Training DeepSeek V3 on 24× A100s — Part 5: Checkpointing, LoRA Saves, and the Janitor

How I avoided 400+ GB checkpoint explosions, fixed empty LoRA saves, and kept NFS from freezing the cluster.

Saving models sounds trivial until ZeRO-3 shards and optimizer states enter the chat. I learned to be opinionated about what gets saved, where it gets saved, and what gets deleted immediately after.

The problem: DeepSpeed wants to save everything

My early runs wrote gargantuan checkpoint trees inside Docker’s overlay filesystem:

/var/lib/docker/overlay2/.../diff/tmp/deepseek_v3_lora_smoketest/checkpoint-2/global_step2/
  zero_pp_rank_0_mp_rank_00_model_states.pt  (~53 GB)
  zero_pp_rank_1_mp_rank_00_model_states.pt  (~53 GB)
  ...

That directory ballooned past 400 GB on a single host. Two compounding issues:

  • Saving optimizer state and ZeRO shards I didn’t need for a LoRA-only run
  • Writing into container overlay instead of fast node-local storage

What I saved (and what I didn’t)

I made saves strictly adapter-centric:

--save_only_model true
--save_safetensors true
--save_on_each_node false
--output_dir /host_home/deepseek_v3_lora_prod_run_1

And in DeepSpeed, I ensured the model weights could be gathered on save, otherwise PEFT could produce an empty adapter header if target modules weren’t found:

"stage3_gather_16bit_weights_on_model_save": true

I also fixed my LoRA target list to match DeepSeek’s module names:

--lora_target q_proj,v_proj,k_proj,o_proj

This combination solved the “saved nothing” issue and kept artifacts small.

Don’t write checkpoints to NFS during training

NFS worked great for models and datasets. It did not enjoy checkpoint storms. I pointed --output_dir to node-local storage (mounted in the container at /host_home/...) and synced artifacts later.

When I accidentally saved to NFS, the head node stalled so badly that even SSH banner exchange timed out while TCP connects succeeded — classic IO saturation.

The janitor: deleting the right files constantly

Even with --save_only_model, libraries can still emit ZeRO/optimizer artifacts at times. I ran a tiny background script inside each container to nuke anything I didn’t want, every few seconds.

#!/usr/bin/env bash
set -euo pipefail
DIR="${OUTPUT_DIR:-/app/local_checkpoints/deepseek_v3_lora_smoketest}"
while true; do
  find "$DIR" -type f -name "*_optim_states.pt" -delete 2>/dev/null
  find "$DIR" -type f -name "*_model_states.pt" -delete 2>/dev/null
  find "$DIR" -type f -name "optimizer.pt" -delete 2>/dev/null
  find "$DIR" -type f -name "scheduler.pt" -delete 2>/dev/null
  find "$DIR" -type f -name "rng_state.pth" -delete 2>/dev/null
  find "$DIR" -type f -name "zero_pp_rank_*_model_states.pt" -delete 2>/dev/null
  sleep 3
done

I launched it alongside training:

nohup /tmp/ckpt_janitor.sh >/tmp/ckpt_janitor.log 2>&1 &

Yes, it’s blunt. It prevented both disk exhaustion and IO-related stalls.

Clean restarts without ghosts

After failures, I used a consistent cleanup sequence across nodes to remove distributed state and free the rendezvous port:

sudo pkill -9 -f torchrun || true
sudo pkill -9 -f train.py || true
sudo nvidia-smi --gpu-reset || true
sudo rm -rf /tmp/.torch_distributed_* /dev/shm/torch_* /tmp/cuda_* ~/.nv/
sudo fuser -k 39500/tcp 2>/dev/null || true

I wrapped this in cleanup_post_training_state.sh and kept a separate kill_docker_deepseek_training.sh to kill processes inside containers across nodes in parallel.
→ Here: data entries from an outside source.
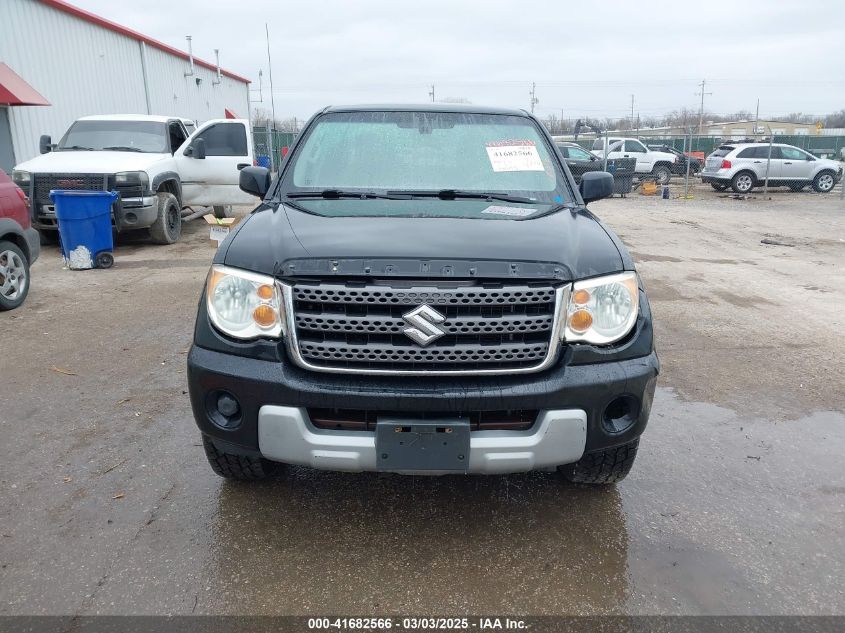 2012 Suzuki Equator Sport VIN: 5Z61D0ER5CC435293 Lot: 41682566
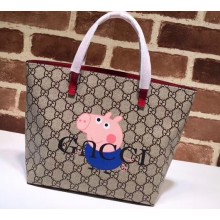 Gucci Children's GG Supreme Tote Bag 410812 Print 03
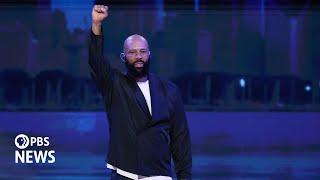 WATCH: Common performs at 2024 Democratic National Convention | 2024 DNC Night 2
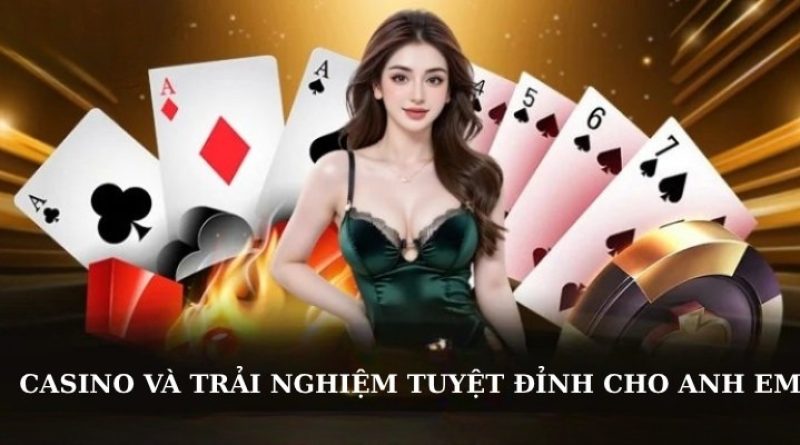 Casino EV88 và thế giới cá cược trực tuyến đẳng cấp cho người chơi Việt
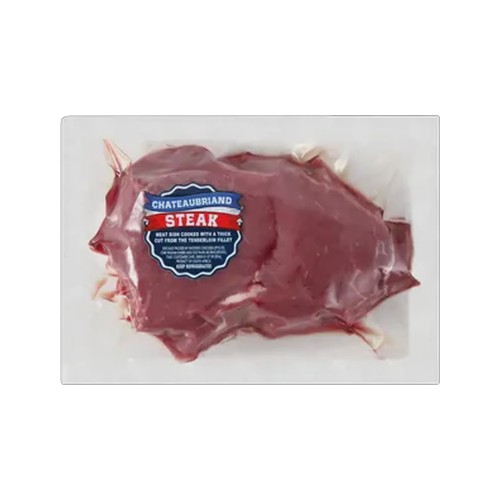 chateaubriand fresh steak 250g - 450g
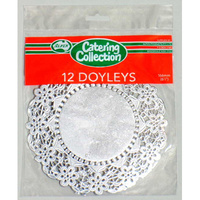 White Paper Doily (16.6 cm) – Pk 24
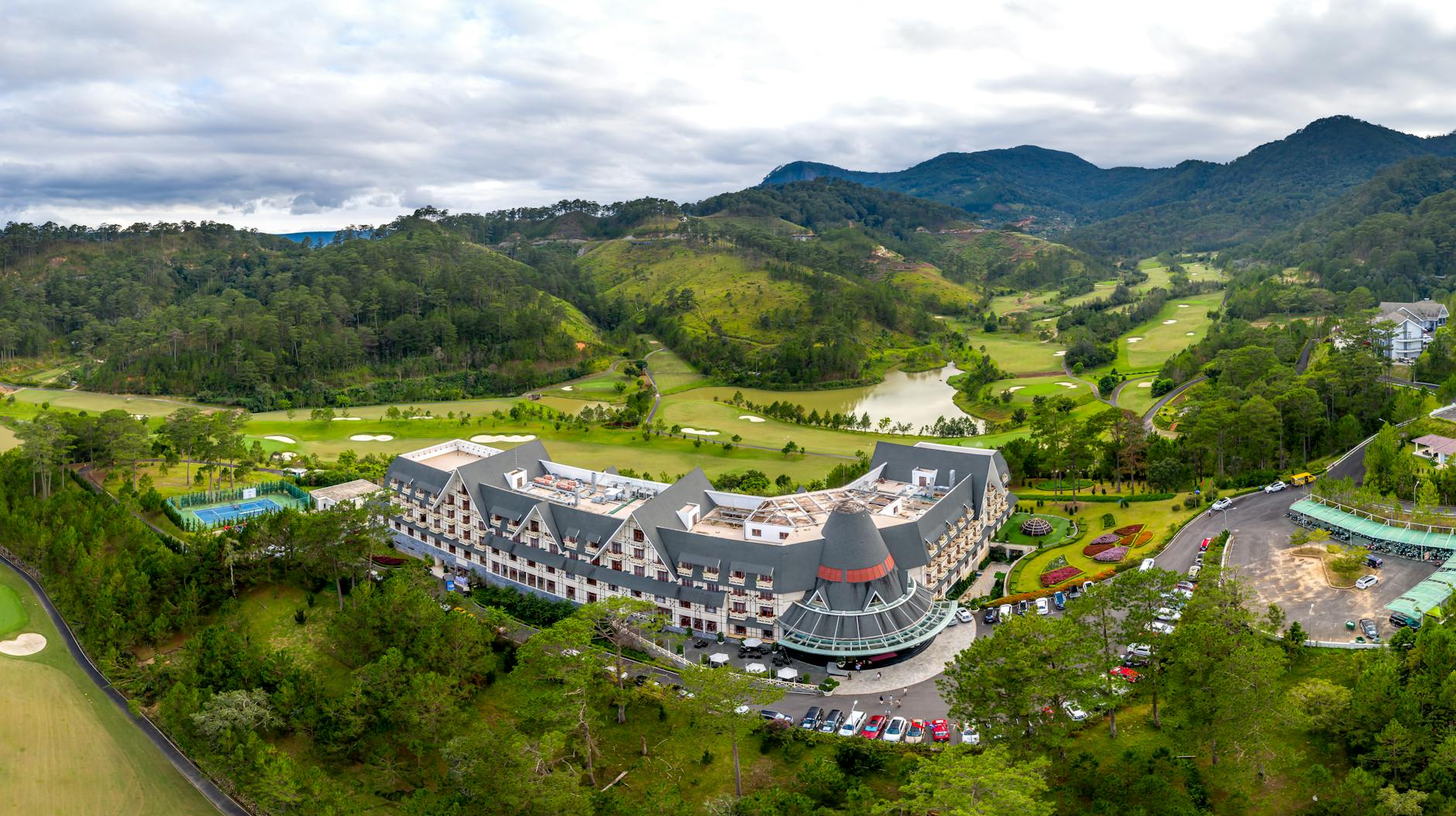 Mountain resort facility where North and South Korean family reunion programs take place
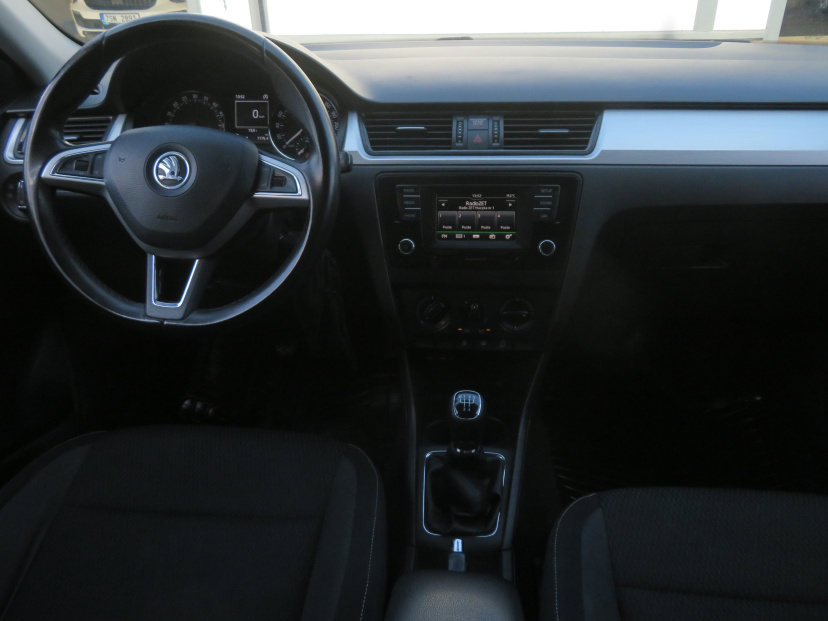 Škoda Rapid Spaceback, 2015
What finally worked for me

  • Save only adapters and in safetensors
  • Gather 16-bit weights on save for ZeRO-3
  • Point output to node-local storage; never NFS during training
  • Run the janitor to keep disk usage bounded
  • Clean distributed state and free ports before relaunches

With checkpointing tamed, my runs were no longer IO-bound and I could iterate safely on hyperparameters and data.